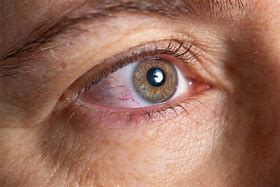 Image result for Pink Eye or Allergies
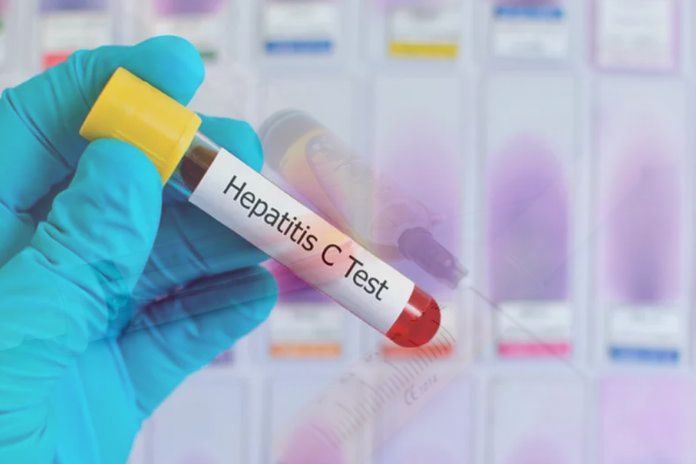 HCV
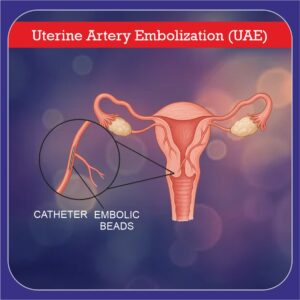 uterine artery embolization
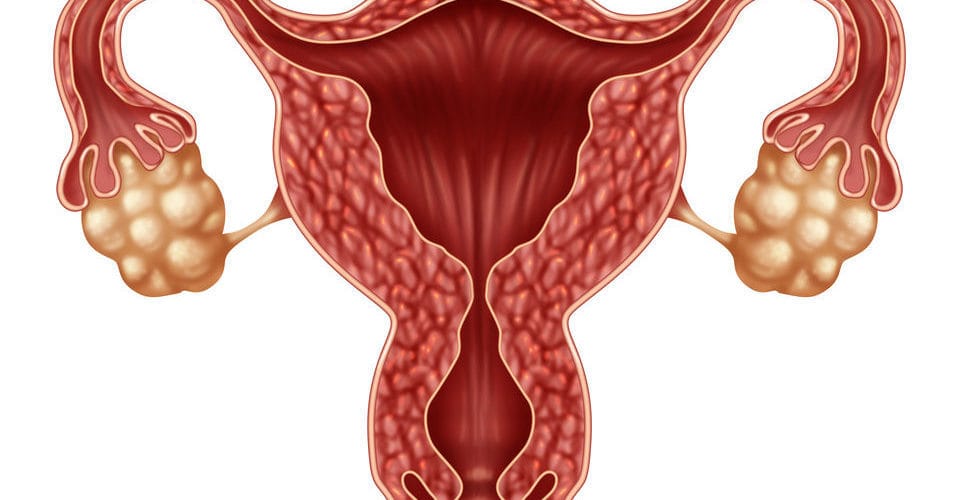 polycystic ovaries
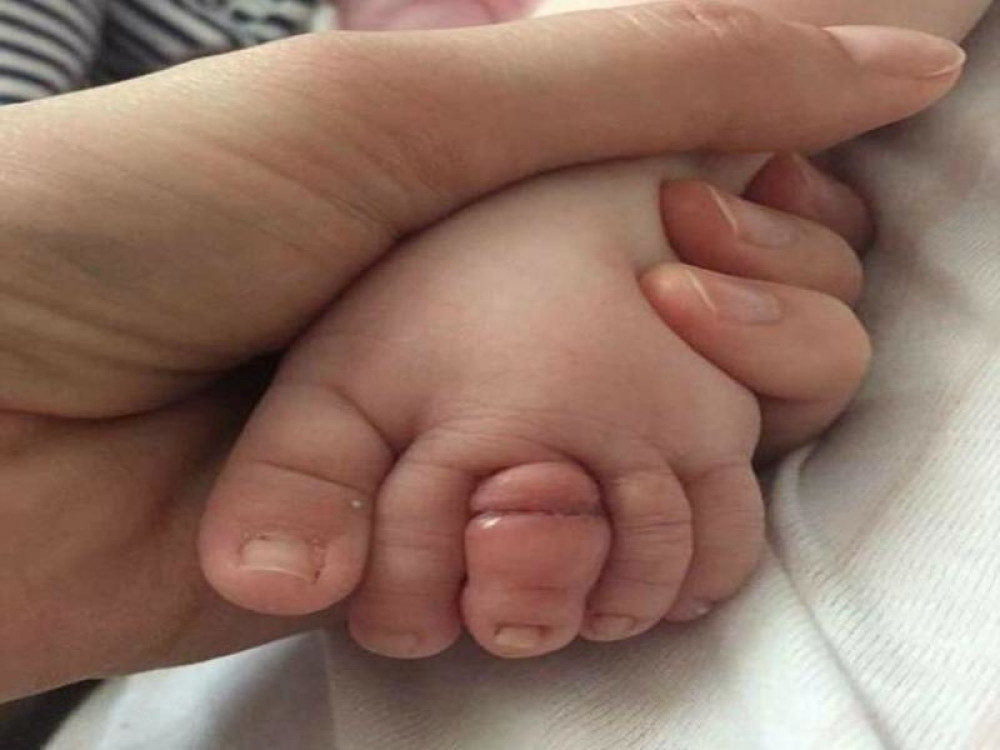 Zbog ovoga je mogla da ostane BEZ PRSTA, a može svakom da se desi!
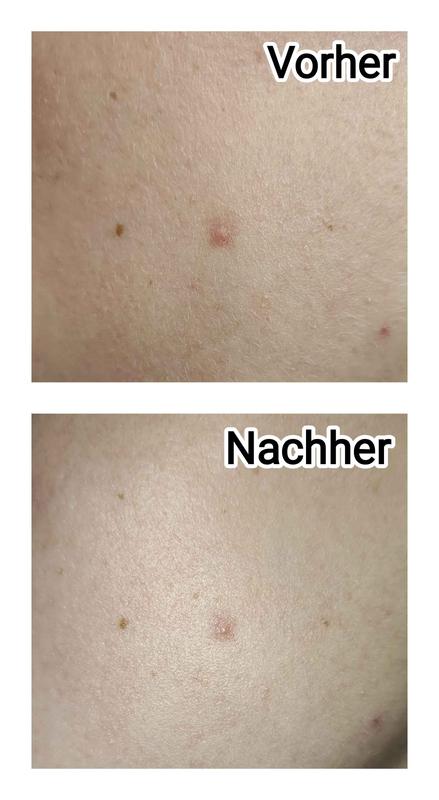 Garnier Hautklar Pimple Patches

## Instructions to follow
Write out the whole listing above exactly, minus images.

## Result of this task
 Image result for Pink Eye or Allergies
 HCV
 uterine artery embolization
 polycystic ovaries
 Zbog ovoga je mogla da ostane BEZ PRSTA, a može svakom da se desi!
 Garnier Hautklar Pimple Patches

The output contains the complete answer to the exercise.